Hey guys, Cuda here. Today I was on the pier fishing with my new king rod that I got from Broxsons. I've had it for about a month now and I began to notice that my line was getting really frayed. It had all the mono bunched up in some places and pulled on the line and it snapped immediately. I was wondering how much it would cost to get my guides taken off, then replaced with new metal ones at Broxsons. Thanks in advance, tight lines!


----------



## Charlie2 (Oct 2, 2007)

*Guide Replacement*



Barracuda said:


> Hey guys, Cuda here. Today I was on the pier fishing with my new king rod that I got from Broxsons. I've had it for about a month now and I began to notice that my line was getting really frayed. It had all the mono bunched up in some places and pulled on the line and it snapped immediately.
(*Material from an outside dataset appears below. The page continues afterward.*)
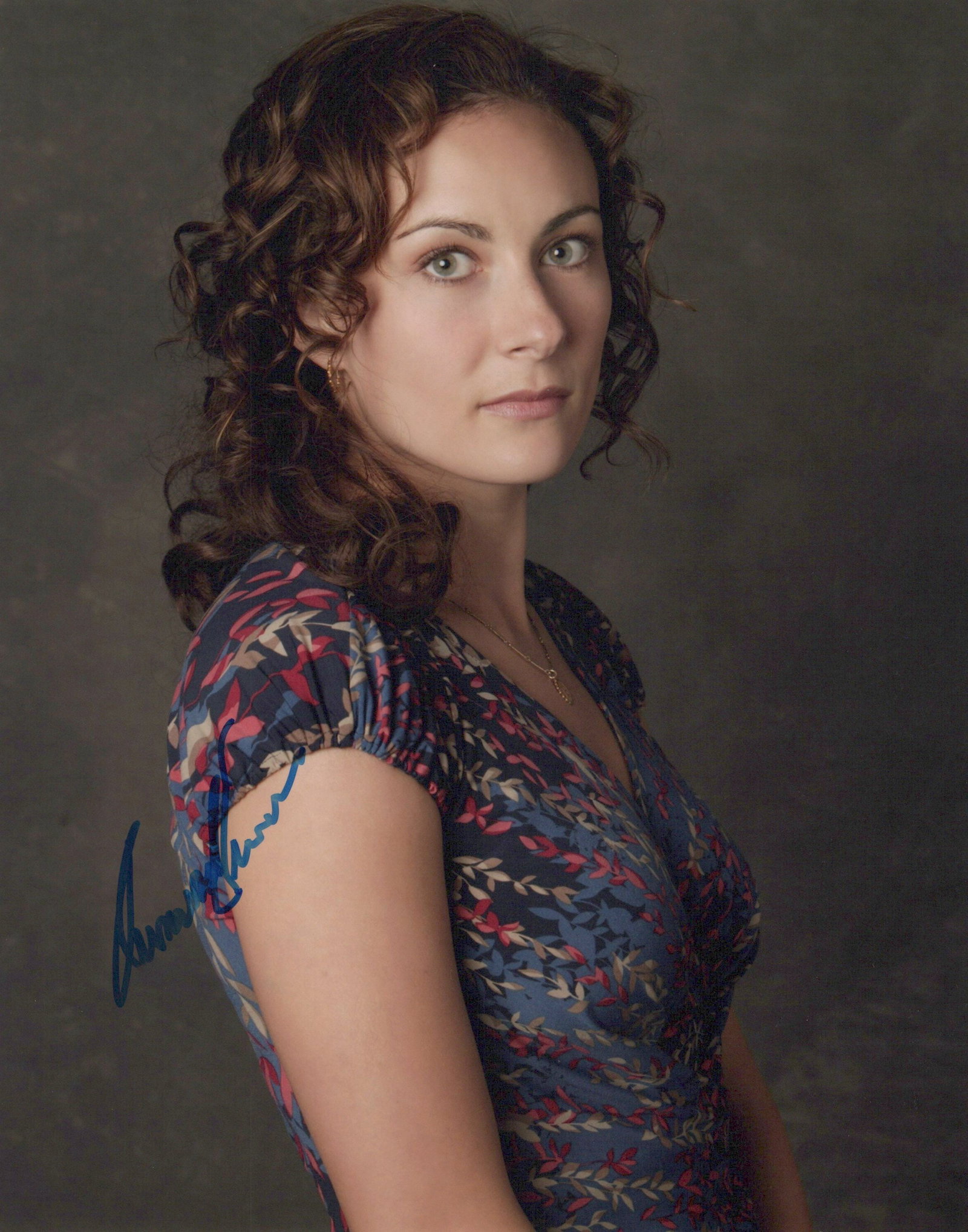 Laura Benanti SUPERGIRL / ELI STONE In Person Signed Photo (1 of 1)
I was wondering how much it would cost to get my guides taken off, then replaced with new metal ones at Broxsons. Thanks in advance, tight lines!


I'd take it back to Broxson and show it to them. Any guide should last more than a month.

They'll probably make it right! JMHO C2


----------



## need2fish (Oct 2, 2007)

Charlie2 said:


> I'd take it back to Broxson and show it to them. Any guide should last more than a month.
> 
> They'll probably make it right! JMHO C2


.x2


----------